*Provided data*
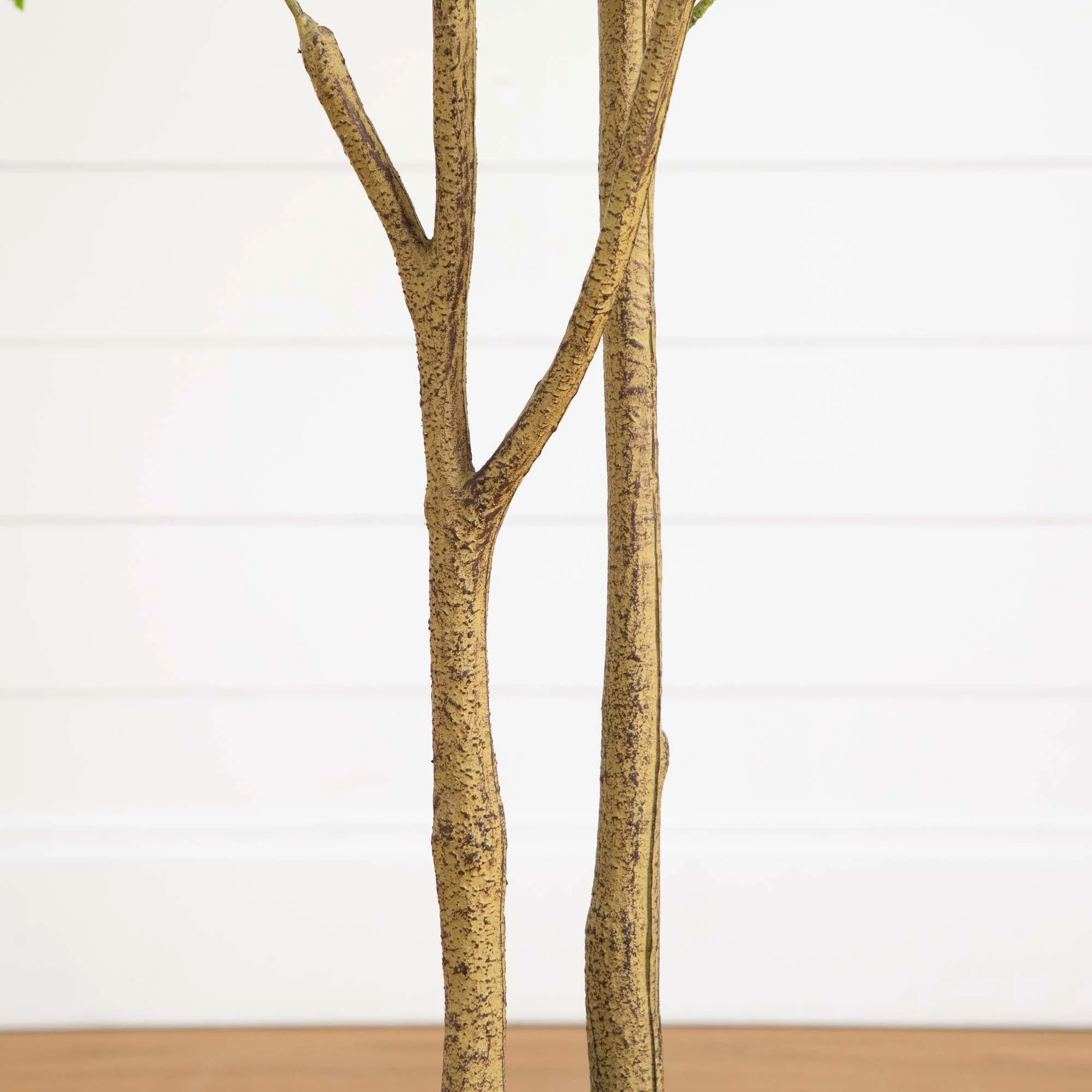 6’ Artificial Maple Tree with White Planter - Image 4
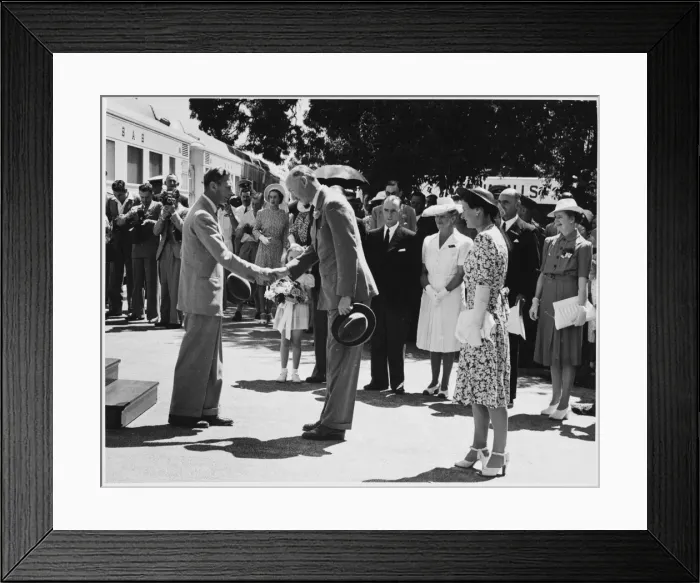 Framed Print : Royal Tour 1947 Framed Print : Royal Tour 1947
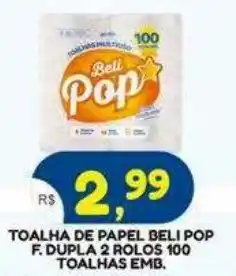 Bramil Supermercados Toalha de papel beli pop oferta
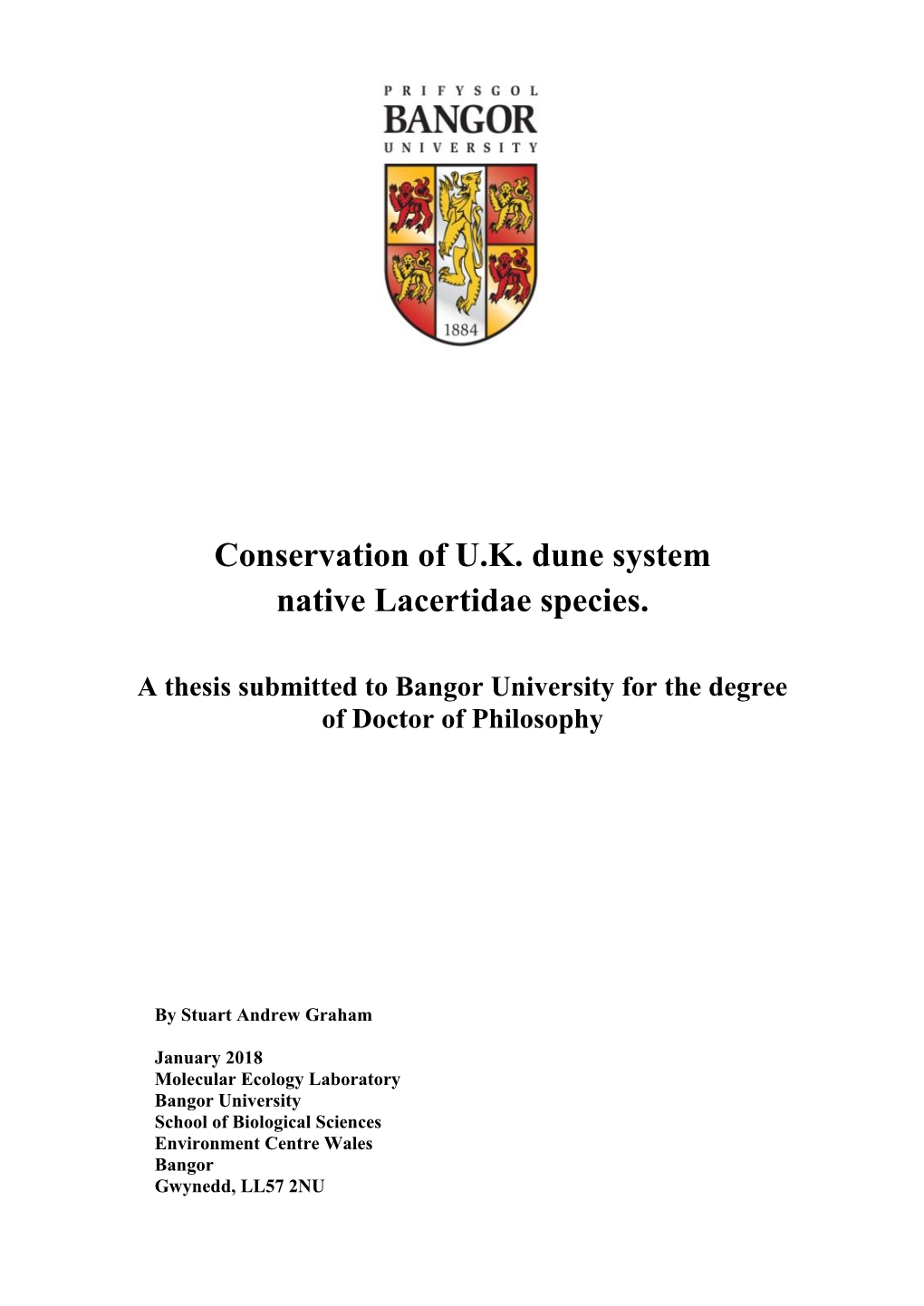 Conservation of UK Dune System Native Lacertidae Species
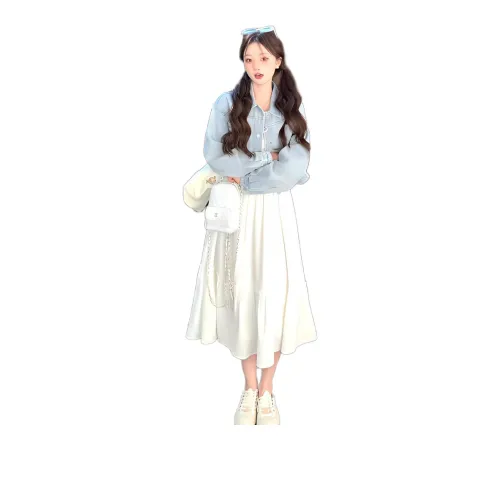 Si Bei'er Slip Dresses Women's Baker White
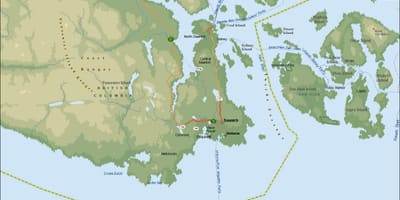Carte de saanich de l'île de vancouver
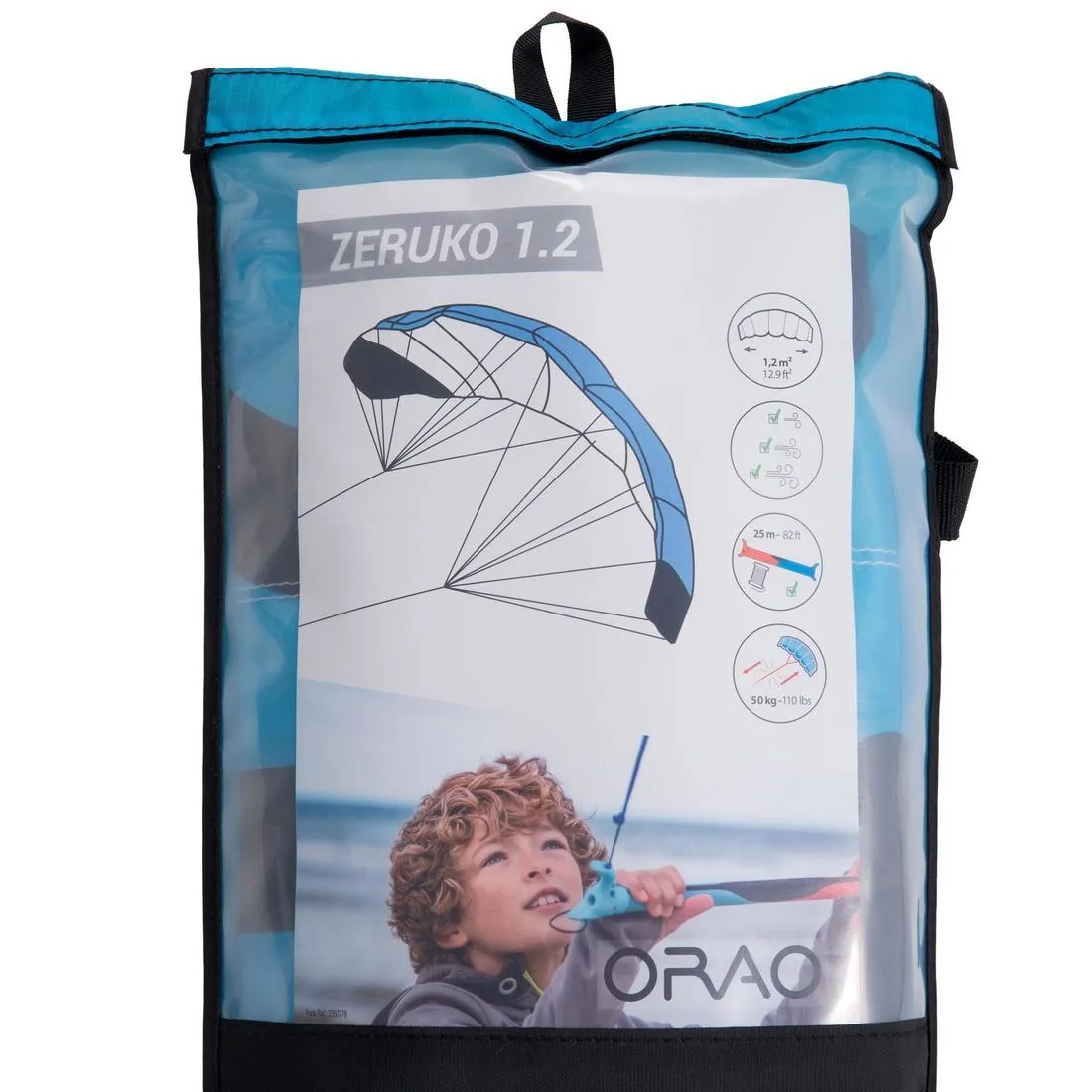 Traction Kite 1.2 m2   Bar - Blue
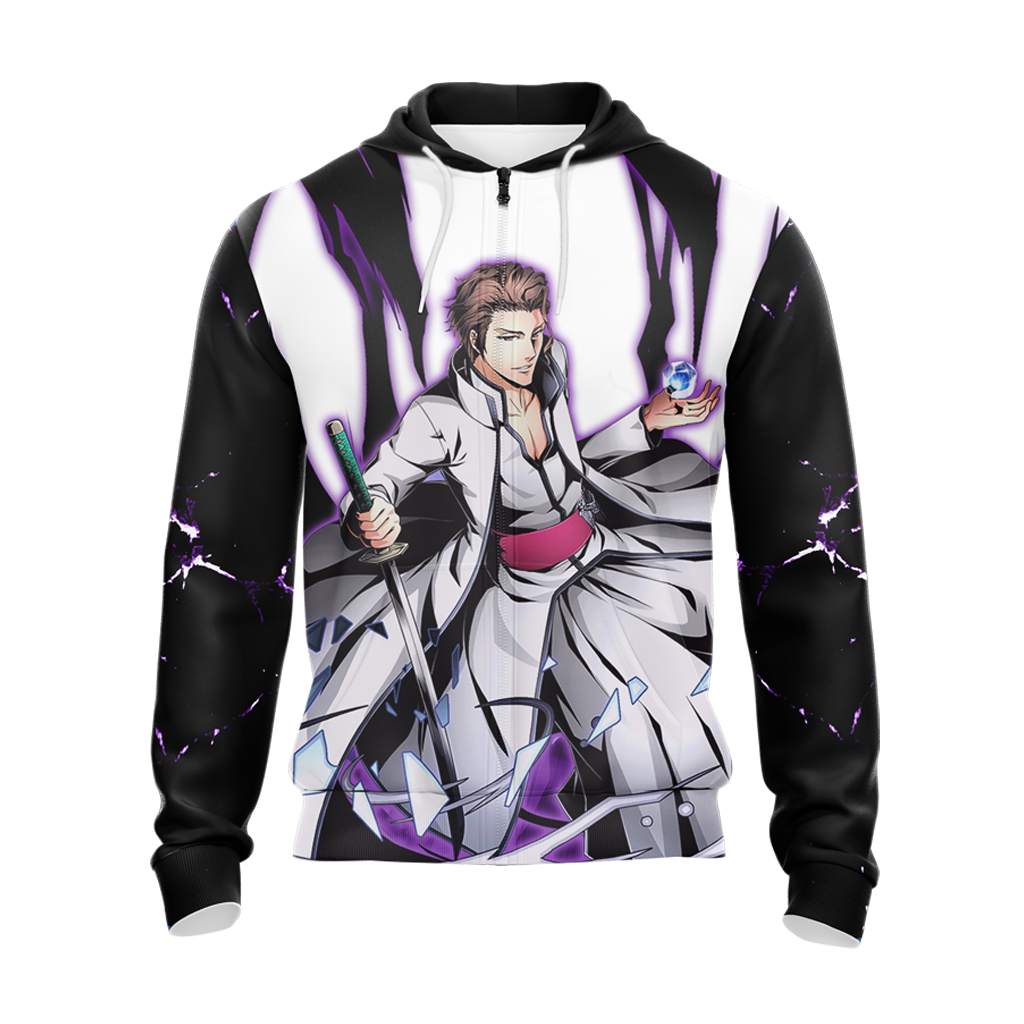 Bleach Aizen Sōsuke Unisex 3D T-shirt Zip Hoodie Pullover Hoodie   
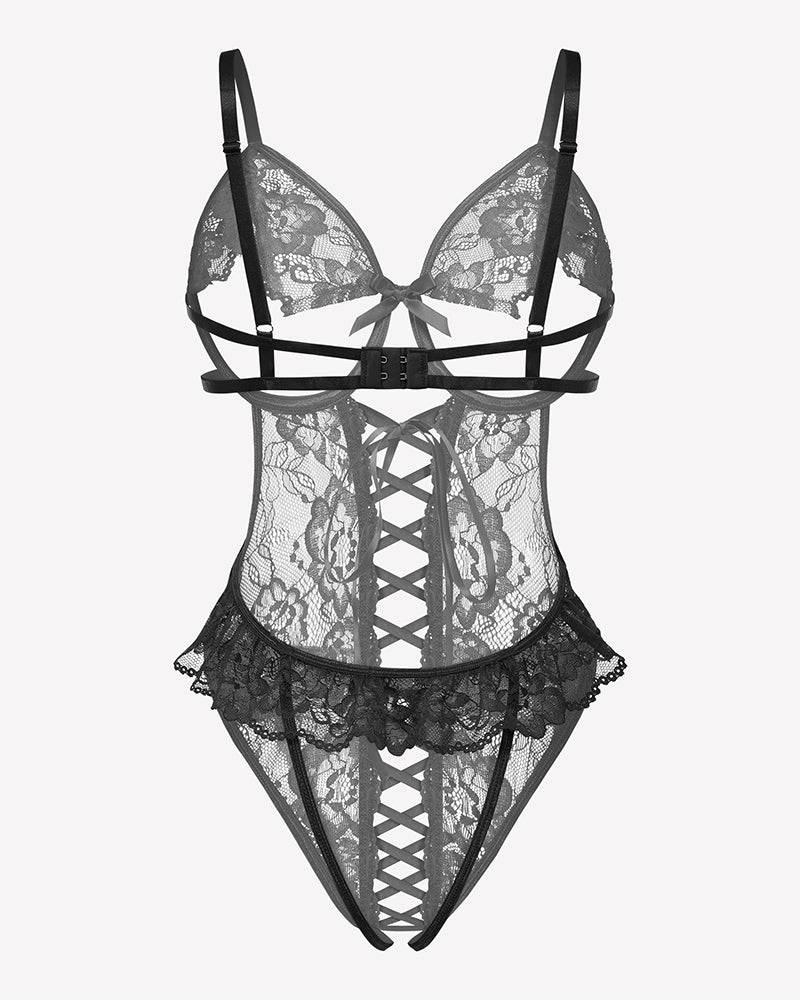 Lace Bodysuit Teddy Lingerie One Piece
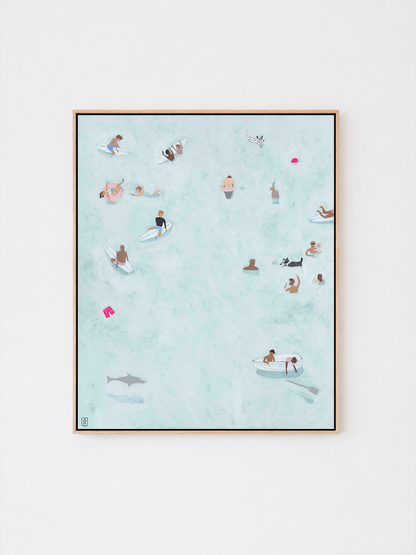 PLEASE BE A DOLPHIN - print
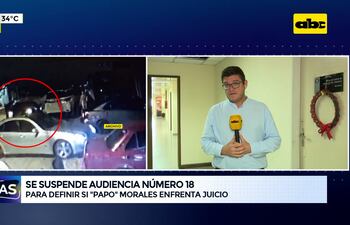 Se suspende audiencia número 18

*Directions for this task*
Would you please reproduce the entries above, starting at the line with "Framed Print : Royal Tour 1947 Framed" and stopping after the line with "Traction Kite 1.2"? Omit any pictures.

*Task output*
 Framed Print : Royal Tour 1947 Framed Print : Royal Tour 1947
 Bramil Supermercados Toalha de papel beli pop oferta
 Conservation of UK Dune System Native Lacertidae Species
 Si Bei'er Slip Dresses Women's Baker White
Carte de saanich de l'île de vancouver
 Traction Kite 1.2 m2   Bar - Blue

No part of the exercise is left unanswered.